The second place was very close to the first place Ed and I fell in love with (but had no chance at buying, as it sold early but stayed online for weeks afterward). It had new floors and paint, but the building was in rough shape and literally surrounded by small children – there was an elementary school directly across the street and a day care next door. The entire complex needed a great deal of work to bring it up to code, I’m not looking for a project – I’m looking for a home I can be happy with.
I have very little hope that it’ll happen any time soon, though. Ed keeps telling me to try and have fun with the whole process and something will happen eventually, but I can’t stop thinking about the place we almost had: it was gorgeous and perfect and I want THAT place, not something that may or may not be good enough at some point in the future.
I know I’m being pissy and pessimistic about it all, but that’s how I feel. I don’t currently *care* that things will work out in the end: right now I am upset and in mourning and I don’t want to be told to get over it already.

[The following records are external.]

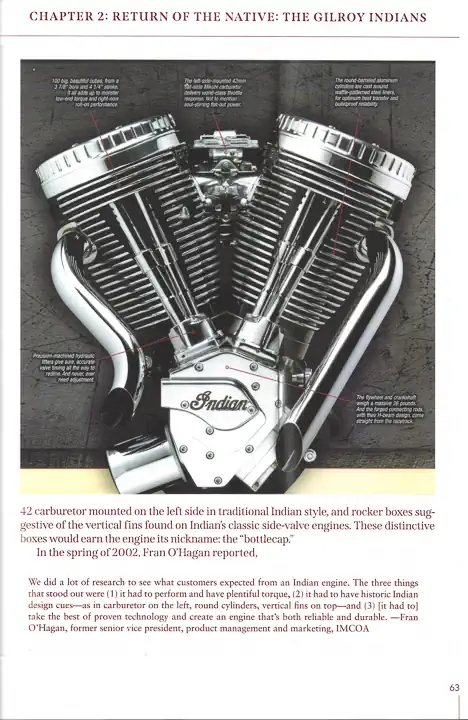 Gilroy Indians Book Review: 100-cubi-inch V-twin Powerplus engine.
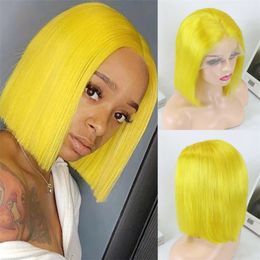 Ombre jaune couleur 100% perruques de cheveux humains dentelle frontale perruque courte droite Bob perruque de haute qualité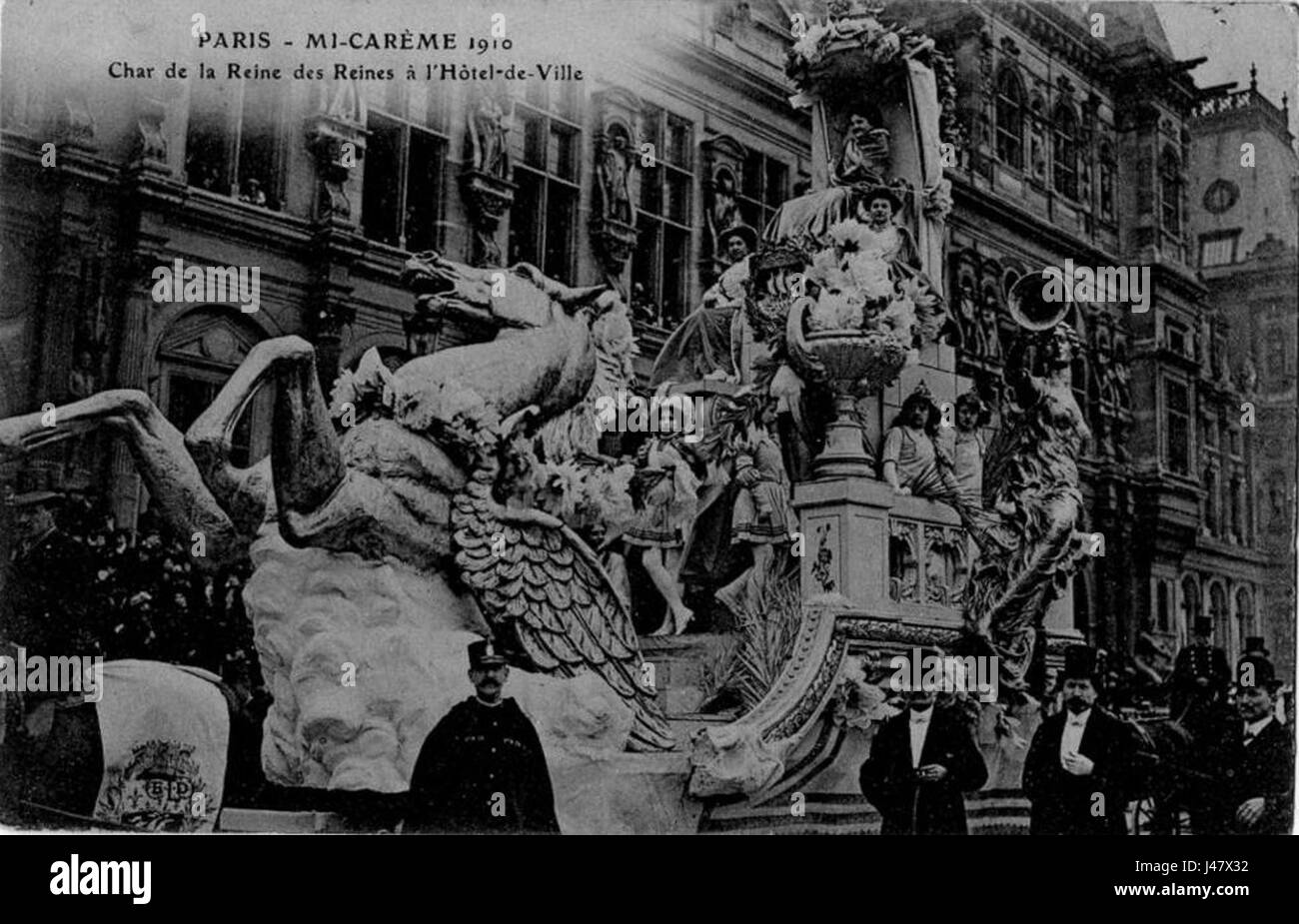„MI CAREME 1910“ ist eine historische Darstellung der jährlichen französischen Feier des Mardi Gras in Paris und zeigt die lebendigen Kostüme und Festlichkeiten der damaligen Zeit. Stockfoto
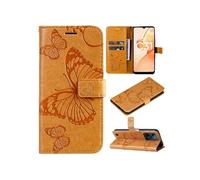 Coque pour Realme C31 4G Papillon de Protection Etui à Rabat en Cuir PU avec Porte-cartes Magnétique Compatible avec Realme C31 4G Jaune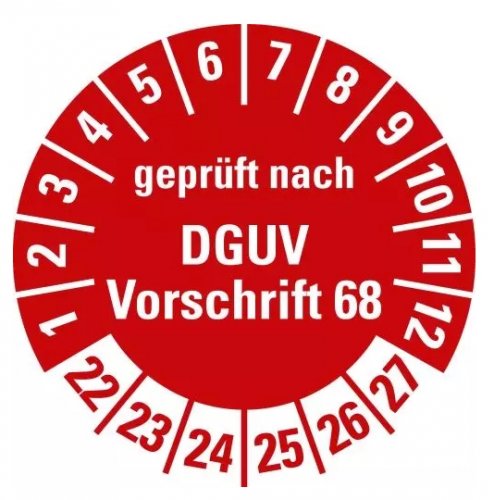 100x Prüfplakette „DGUV geprüft n. Vorschrift 68 | 22-27“ Folie, rot | Ø15-40mm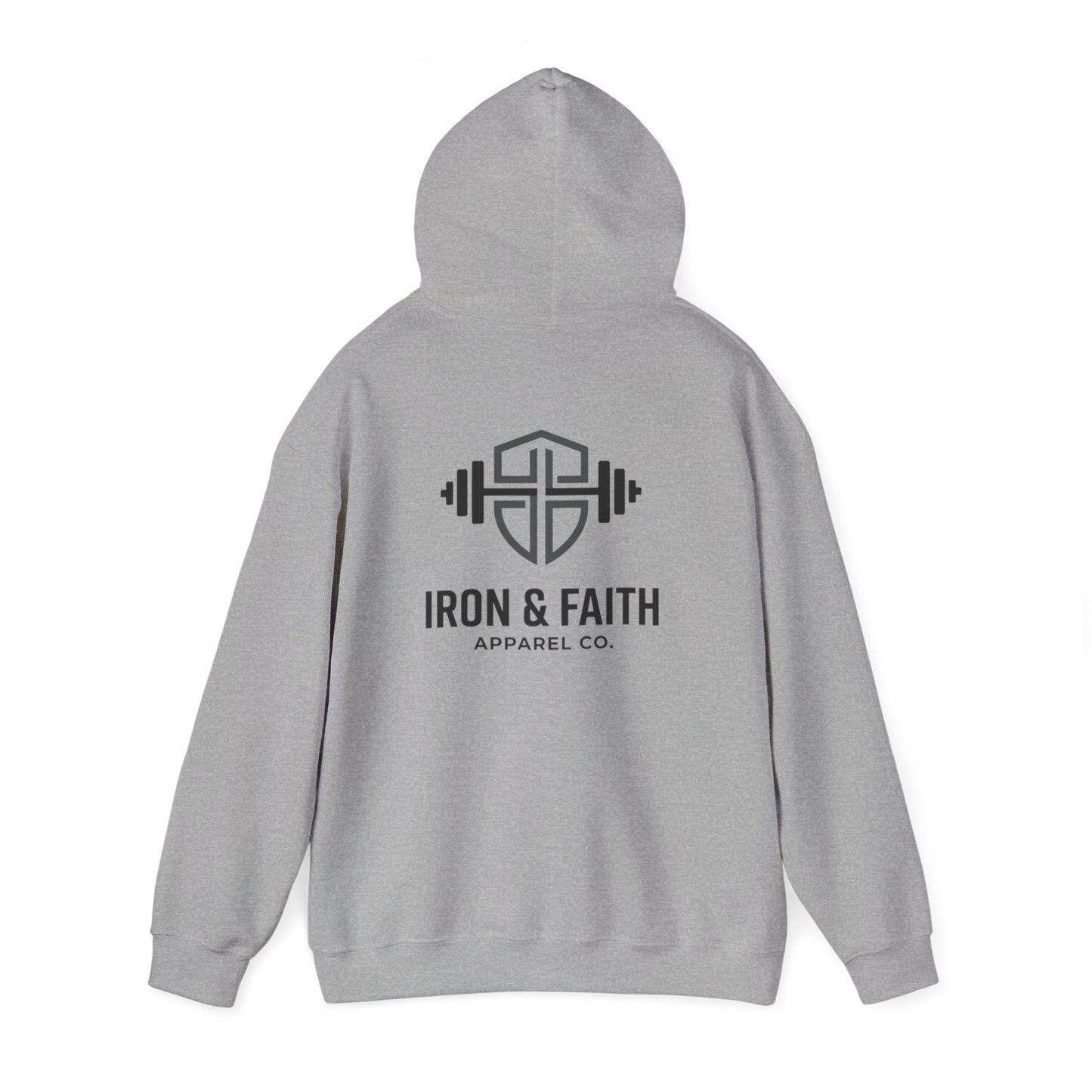 Iron & Faith Hoodie — Gym Faith Pullover with Barbell Logo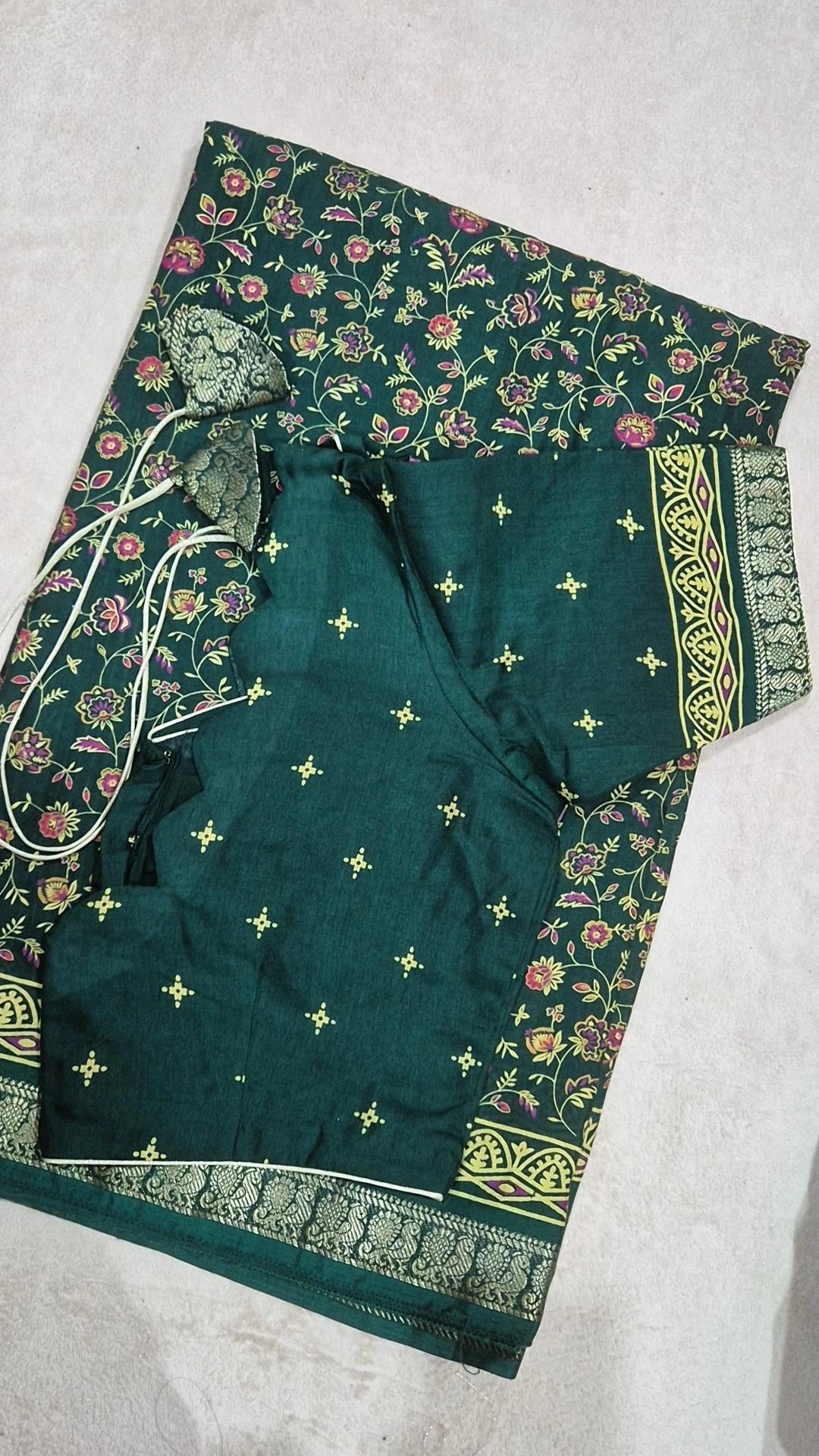 Forest Green Dola Silk Saree with Matching Blouse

House hunting kind of sucks, and the longer it takes to find a home, the longer we’ll be in this building alone with our stupid neighbours. Plus, I get to spend the next two weekends helping Josh, Shan, Miranda and Reilly all move into their new places. That’ll not be akin to torture at all!
I need to get all the vitriol out of my system before then. I’m happy for my friends, but right now I’m waist-deep in a pity party and don’t want to hear how awesome things are for everyone but us.